It’s been a long time since we could even think of such an article, doomed to the annals of history, PC’s were seen as a sunset industry with the advent of firstly the tablets and then the smartphones. But a revival of sort is happening with computing getting more attention due to heavy processing needed in new economies like eCommerce, cryto-mining and even gaming. All driving up demands and sending the industry back into production.
Total shipment across the globe was at positive territory after years of decline, Lenovo just a year ago was in the brink of distress has now turned fortunes around is heading upwards, Acer is also reporting better than expected revenue with HP continuing to lead in US and rest of the world. Good news for the industry all round surely, but before PC manufacturer could start popping the Champagne, Intel the company that makes 90% of processors for the industry is having problem keeping up with demands and could restrict supply.
In a statement released recently, CFO and Interim CEO at Intel Bob Swan alerted to the matter: “The continued explosion of data and the need to process, store, analyse and share it is driving industry innovation and incredible demand for compute performance in the cloud, the network and the enterprise. In fact, our data-centric businesses grew 25 percent through June, and cloud revenue grew a whopping 43 percent in the first six months. The performance of our PC-centric business has been even more surprising. Together as an industry, our products are convincing buyers it’s time to upgrade to a new PC. For example, second-quarter PC shipments grew globally for the first time in six years, according to Gartner. We now expect modest growth in the PC total addressable market (TAM) this year for the first time since 2011, driven by strong demand for gaming as well as commercial systems.”
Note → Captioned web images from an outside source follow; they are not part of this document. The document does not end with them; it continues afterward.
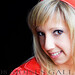 Rocio Jimenez Photo 46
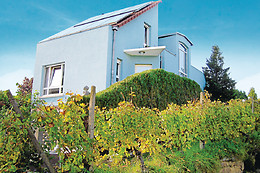 A la Maison Bleue (68)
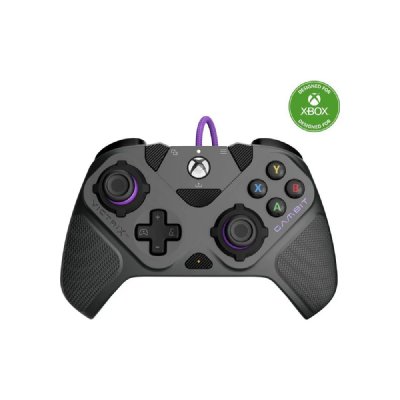 TURTLE BEACH  Contr&ocirc;leur Victrix Gambit Prime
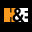 Logo HEES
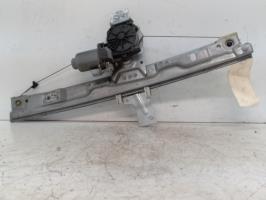 Leve vitre electrique avant droit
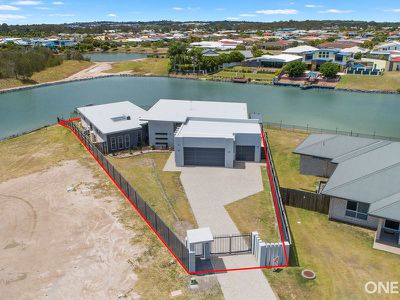 7 Kirra Court, Eli Waters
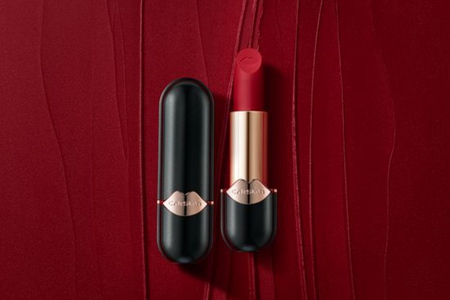 1566449574143984.jpg 卡姿兰新上市口红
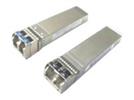 32 GBPS FIBRE CHANNEL SW SFP+ LC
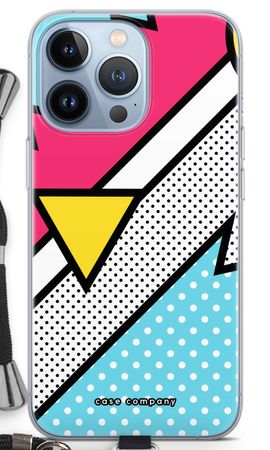 Pop Art #3
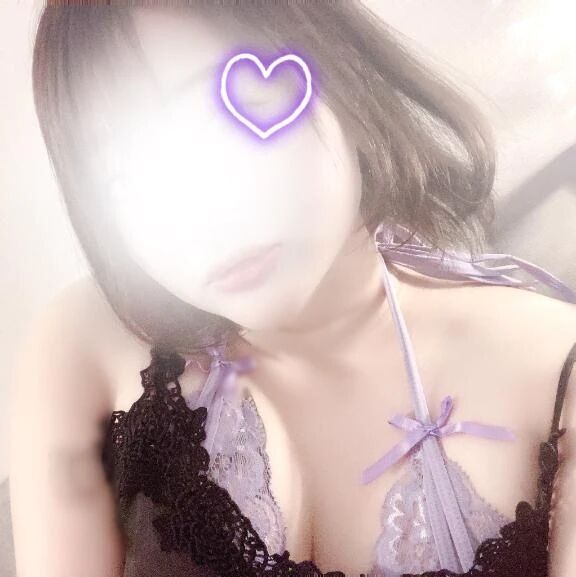 ありがとう&#129782;
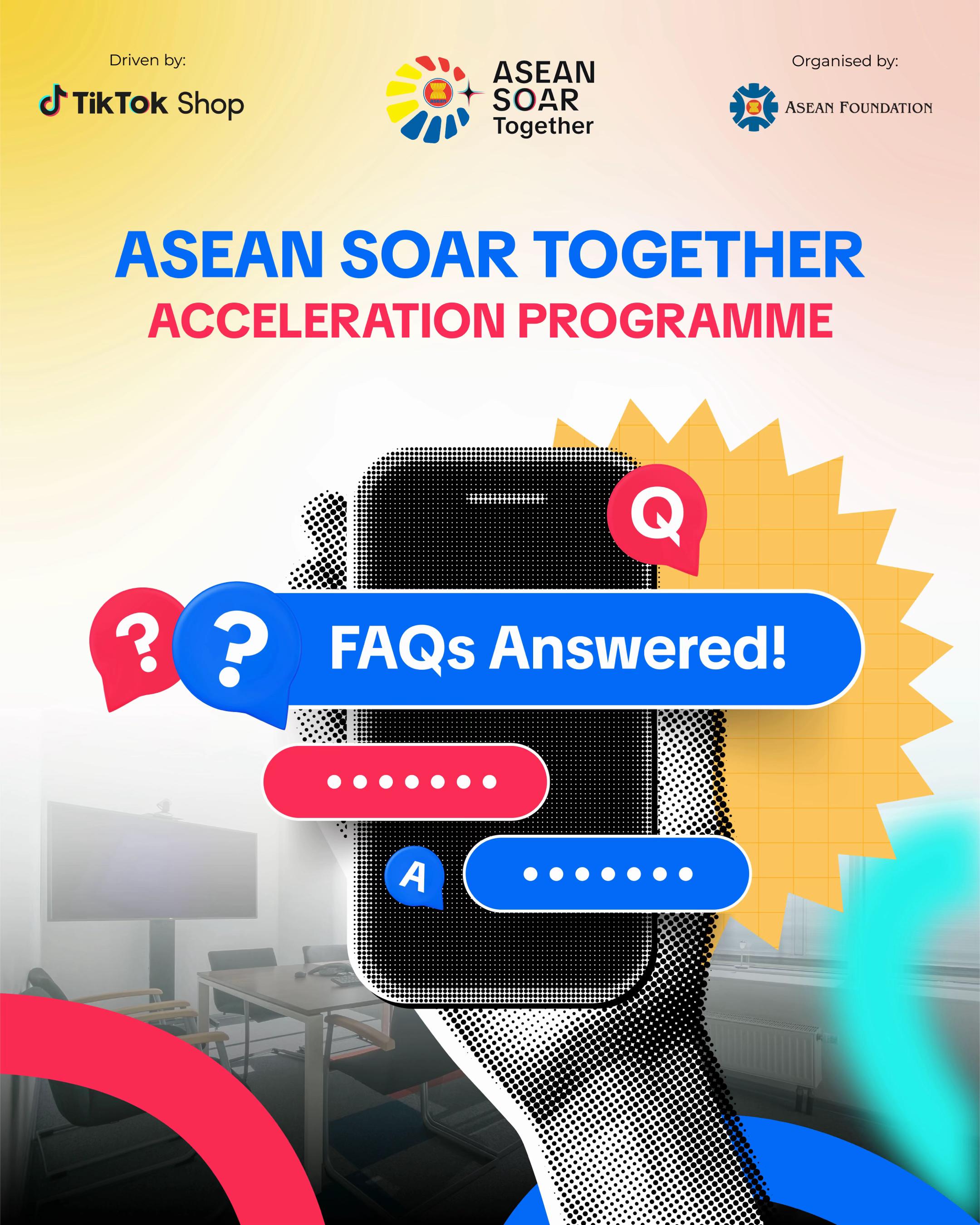 @ASEAN Foundation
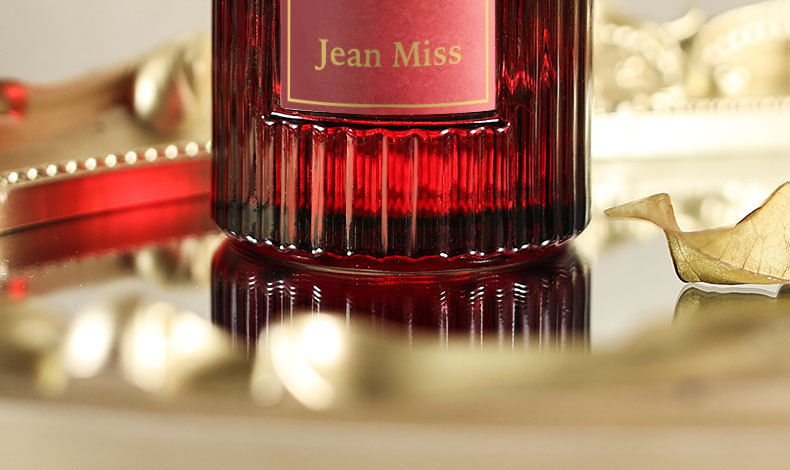 2024 Nuova popolarità online Fragranza popolare Drunk Meilan da 50 ml Profumo da donna con fragranza a lunga durata_voghion.com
Now for the challenge… The surprising return to PC TAM growth has put pressure on the factory network. The company is prioritising the production of Intel Xeon and Intel Core processors to serve the high-performance segments of the market which is tightening supply for the entry-level of the PC market.
To address the challenges, Intel is taking action by firstly increasing capex from an earlier $14 billion and adding another $1 billion into the 14nm manufacturing sites and has also reiterated its progress in the 10nm process which should expect volume in 2019.
For now there will be production delays and expect slower availability of orders, on the hind sight this is an healthy problem to have for the industry, as a whole.